All of this will delay the first flights to and from Castellón even further, and it now seems unlikely that services will be able to begin this year. Lavalin still has to become a recognized and certified airport management company before all the necessary permits can be obtained, and then the new contract stipulates a further period of five and a half months before flights will start.
After that, tests and simulations will have to be performed.
And if and when all the necessary paperwork is eventually concluded, there remains the small matter of convincing airlines to use the facility, rather than the nearby tried and tested airports of Reus and Valencia-Manises.

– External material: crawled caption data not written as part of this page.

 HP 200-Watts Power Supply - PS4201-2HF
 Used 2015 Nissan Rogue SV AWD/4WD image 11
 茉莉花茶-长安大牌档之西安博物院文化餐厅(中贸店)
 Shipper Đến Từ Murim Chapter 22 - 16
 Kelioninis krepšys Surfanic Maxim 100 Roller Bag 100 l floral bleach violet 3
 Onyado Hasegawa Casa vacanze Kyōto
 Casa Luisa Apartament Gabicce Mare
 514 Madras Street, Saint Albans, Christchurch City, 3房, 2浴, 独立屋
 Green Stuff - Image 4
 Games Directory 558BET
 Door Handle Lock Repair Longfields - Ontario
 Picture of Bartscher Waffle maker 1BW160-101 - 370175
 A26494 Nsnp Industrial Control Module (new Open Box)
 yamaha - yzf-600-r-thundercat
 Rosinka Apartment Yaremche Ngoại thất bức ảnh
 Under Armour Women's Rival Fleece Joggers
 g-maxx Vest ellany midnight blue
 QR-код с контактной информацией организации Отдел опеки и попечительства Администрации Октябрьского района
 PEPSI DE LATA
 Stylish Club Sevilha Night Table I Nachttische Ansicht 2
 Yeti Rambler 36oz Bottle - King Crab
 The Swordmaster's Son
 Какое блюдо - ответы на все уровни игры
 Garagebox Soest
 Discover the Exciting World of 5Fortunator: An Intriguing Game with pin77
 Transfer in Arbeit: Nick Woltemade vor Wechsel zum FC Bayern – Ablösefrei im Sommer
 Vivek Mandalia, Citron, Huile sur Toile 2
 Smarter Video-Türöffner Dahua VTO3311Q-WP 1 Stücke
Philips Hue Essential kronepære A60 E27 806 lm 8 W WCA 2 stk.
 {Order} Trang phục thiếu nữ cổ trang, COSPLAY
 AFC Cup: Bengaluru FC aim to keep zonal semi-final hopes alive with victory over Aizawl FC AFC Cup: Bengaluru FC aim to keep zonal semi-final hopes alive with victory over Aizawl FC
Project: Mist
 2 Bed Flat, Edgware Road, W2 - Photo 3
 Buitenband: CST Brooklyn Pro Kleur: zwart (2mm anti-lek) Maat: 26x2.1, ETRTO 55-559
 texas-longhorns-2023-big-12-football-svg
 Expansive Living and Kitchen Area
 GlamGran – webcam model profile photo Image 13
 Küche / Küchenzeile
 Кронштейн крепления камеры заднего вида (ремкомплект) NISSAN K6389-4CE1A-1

In some ways the story of the Castellón airport is similar to that of the new international airport in Murcia which is currently awaiting a decision from Brussels as to whether the financing package proposed by the regional government to restart the project complies with competition rules: in the case of Castellón the regional government decided to rescind their 136-million-euro contract with the construction company Conaer, but the courts obliged compensation of 120 million euros to be paid as a result.
This left the facility without a management company, and one much-publicized possibility was that of a Spanish-Libyan consortium, but unfortunately the group was never able to demonstrate that it had adequate funding and provide a bank guarantee.
But the most negative publicity has probably resulted from the expenses being incurred in maintaining the inoperative facility since the shambolic opening ceremony: 8.4 million euros in 2011 and 7.5 million in 2012, according to the regional government’s accounts.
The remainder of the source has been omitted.